I wanted to use the genre to liberate ourselves from the virtues that it had to be just human interaction. I really wanted it to be filled with setpieces. My previous films have had a lot of conceptual montage scenes, or jumping between time layers to try to express feelings or mental states. But here, we really got to let go and play with ice and fire and water, and all these elements that are so tactile and physical when you experience them in a movie. I got to be very childish, riffing off Hitchcock’s idea of using a landmark to create a suspense scene, for the hell of it. We used the Oslo Opera House, which has become internationally renowned for its architecture, and created a suspense scene there. There’s something liberating about using genre to access more subconscious ideas, more physical, nightmarish situations.

But you did end up with an obligation to go much deeper into special effects than you have before. Was that a challenge for you?

We have something like 200 CGI shots in the film. A lot of the Marvel films have incredibly impressive and expensive VFX work, but a lot of it is more stylized. That’s the style they chose, but that’s more stylized than we wanted. I come from being a fan of [Andrei] Tarkovsky and Terrence Malick, and the idea that the tactile, physical world plays a large role in a movie. The CGI had to match that idea. I hadn’t realized that some of the most difficult things to do are glass and animals and fire, all the stuff we’re actually doing. My VFX supervisor said at some point, “Listen, you’re trying to do a Christopher Nolan film on a Norwegian budget, so we’d better get the best people we can on board.” So we actually went around and pitched all our conceptual effects scenes to the biggest post-production houses in Scandinavia, and made deals with all of them that they could contribute, almost to make show reel pieces, to collectively prove what we could do in the Nordic countries. I’m incredibly grateful for that. So we had, by Norwegian standards, a big budget, but what we wanted to achieve was even more expensive than that. So that was a learning process, of how hard it is to do things that look natural. But these people were good.

The Orchard

Some of the movie’s most harrowing scenes are the underwater sequences, where Thelma is trapped in the pool, or disappears into the darkness of the water. How did you approach those shots?
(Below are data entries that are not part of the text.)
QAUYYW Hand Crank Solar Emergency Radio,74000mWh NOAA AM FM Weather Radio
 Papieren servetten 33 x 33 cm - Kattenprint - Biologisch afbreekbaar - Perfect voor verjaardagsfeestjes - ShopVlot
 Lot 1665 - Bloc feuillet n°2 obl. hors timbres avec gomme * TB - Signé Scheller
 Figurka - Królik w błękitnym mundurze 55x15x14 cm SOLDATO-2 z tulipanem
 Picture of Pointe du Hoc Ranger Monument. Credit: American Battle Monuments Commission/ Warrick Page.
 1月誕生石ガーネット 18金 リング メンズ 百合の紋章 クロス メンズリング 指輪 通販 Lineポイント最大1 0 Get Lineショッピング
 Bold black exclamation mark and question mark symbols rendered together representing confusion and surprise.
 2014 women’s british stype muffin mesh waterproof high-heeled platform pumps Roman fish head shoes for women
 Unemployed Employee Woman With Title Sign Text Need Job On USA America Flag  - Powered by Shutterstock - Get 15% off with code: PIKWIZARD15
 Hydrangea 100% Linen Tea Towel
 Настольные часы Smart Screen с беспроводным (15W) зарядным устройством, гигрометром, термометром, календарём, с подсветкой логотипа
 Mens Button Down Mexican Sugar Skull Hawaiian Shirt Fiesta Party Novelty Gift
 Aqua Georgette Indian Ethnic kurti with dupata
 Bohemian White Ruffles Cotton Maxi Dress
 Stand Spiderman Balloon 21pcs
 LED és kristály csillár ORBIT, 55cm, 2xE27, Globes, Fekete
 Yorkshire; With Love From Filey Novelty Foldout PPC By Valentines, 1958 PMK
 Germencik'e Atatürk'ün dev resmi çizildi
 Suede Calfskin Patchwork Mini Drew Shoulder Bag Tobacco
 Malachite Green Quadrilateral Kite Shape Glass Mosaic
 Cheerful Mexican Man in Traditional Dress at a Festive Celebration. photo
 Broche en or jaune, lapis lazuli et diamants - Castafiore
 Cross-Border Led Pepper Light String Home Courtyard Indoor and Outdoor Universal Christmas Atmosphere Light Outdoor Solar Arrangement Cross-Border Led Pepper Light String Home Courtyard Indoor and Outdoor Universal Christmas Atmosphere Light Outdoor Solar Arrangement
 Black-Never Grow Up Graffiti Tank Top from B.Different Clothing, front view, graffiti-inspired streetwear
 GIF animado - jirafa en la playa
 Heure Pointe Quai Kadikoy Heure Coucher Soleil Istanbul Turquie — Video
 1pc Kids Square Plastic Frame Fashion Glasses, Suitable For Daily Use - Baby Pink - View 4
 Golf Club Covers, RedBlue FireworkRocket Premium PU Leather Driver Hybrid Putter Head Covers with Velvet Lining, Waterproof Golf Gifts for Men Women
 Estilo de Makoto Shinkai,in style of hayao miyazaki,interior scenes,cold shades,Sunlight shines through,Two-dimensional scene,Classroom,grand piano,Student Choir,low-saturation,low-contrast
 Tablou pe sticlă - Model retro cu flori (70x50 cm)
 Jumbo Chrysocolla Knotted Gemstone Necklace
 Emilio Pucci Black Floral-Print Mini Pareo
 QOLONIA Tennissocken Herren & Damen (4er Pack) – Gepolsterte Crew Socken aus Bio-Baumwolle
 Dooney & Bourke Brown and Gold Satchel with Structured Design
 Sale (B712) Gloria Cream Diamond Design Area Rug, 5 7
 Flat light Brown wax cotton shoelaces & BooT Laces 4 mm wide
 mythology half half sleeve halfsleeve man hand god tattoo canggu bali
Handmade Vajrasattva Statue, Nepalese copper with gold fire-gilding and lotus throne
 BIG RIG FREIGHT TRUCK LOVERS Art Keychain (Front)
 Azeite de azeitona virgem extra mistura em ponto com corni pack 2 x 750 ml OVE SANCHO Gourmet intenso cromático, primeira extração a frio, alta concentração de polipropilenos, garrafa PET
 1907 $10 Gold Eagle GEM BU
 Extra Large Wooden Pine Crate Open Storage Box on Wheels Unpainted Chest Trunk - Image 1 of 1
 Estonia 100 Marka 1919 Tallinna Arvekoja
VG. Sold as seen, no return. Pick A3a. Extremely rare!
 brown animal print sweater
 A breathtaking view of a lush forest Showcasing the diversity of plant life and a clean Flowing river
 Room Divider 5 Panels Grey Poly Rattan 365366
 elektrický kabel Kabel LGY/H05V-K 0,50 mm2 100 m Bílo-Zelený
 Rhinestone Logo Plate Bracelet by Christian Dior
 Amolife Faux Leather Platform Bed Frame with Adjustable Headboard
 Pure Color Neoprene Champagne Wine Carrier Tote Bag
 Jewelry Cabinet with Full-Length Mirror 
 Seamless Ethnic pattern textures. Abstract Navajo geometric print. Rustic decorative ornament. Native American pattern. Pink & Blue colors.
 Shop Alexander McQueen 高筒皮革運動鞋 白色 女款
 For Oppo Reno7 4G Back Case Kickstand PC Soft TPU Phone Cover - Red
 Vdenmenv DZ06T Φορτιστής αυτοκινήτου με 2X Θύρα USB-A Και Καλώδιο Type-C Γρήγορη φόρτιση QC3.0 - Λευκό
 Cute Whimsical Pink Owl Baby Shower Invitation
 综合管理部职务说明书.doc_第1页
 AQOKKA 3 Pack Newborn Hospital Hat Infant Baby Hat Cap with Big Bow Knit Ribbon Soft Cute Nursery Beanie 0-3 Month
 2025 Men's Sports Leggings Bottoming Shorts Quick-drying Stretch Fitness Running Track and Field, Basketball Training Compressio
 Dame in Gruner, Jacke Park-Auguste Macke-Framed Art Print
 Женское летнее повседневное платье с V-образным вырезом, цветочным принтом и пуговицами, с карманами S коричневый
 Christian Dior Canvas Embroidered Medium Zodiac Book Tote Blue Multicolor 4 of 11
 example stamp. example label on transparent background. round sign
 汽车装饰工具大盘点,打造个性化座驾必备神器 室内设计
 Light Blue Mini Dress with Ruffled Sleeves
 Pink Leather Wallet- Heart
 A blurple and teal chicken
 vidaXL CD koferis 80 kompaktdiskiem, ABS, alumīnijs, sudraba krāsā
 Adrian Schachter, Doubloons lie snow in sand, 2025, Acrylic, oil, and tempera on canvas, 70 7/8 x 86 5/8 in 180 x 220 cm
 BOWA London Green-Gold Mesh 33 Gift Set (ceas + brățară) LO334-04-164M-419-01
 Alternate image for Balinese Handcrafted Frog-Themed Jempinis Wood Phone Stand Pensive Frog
Well, first of all, we have an amazing actress in the middle of it. Eili Harboe is a great dramatic actor already, at age 22. I find her to be very skilled and incredibly talented. But she was also very brave. She did underwater training because she wanted to do her own stunts. That was hours and hours of water tanks with stunt divers, and all kinds of crazy shit. Lighting the water was damn complicated. But here’s the thing: My principle when I make movies is that in the writing room, I forget that I’m the director. I dream, and I’m naïve, and I find the child in me. And then, stupid person that I am, I have to figure out how to actually put it on the screen afterward. That can be a harrowing process. But I learned so much on this film. It’s always fun to create images that are new for you, that you haven’t done before. That’s one of the most rewarding parts of making movies. There was a lot of that in this one. I hope the audience likes it. I know we’re stretching it between philosophical drama and a B-movie horror film, but that’s liberating. That’s what’s fun about it for me. So I hope people will accept that I tried.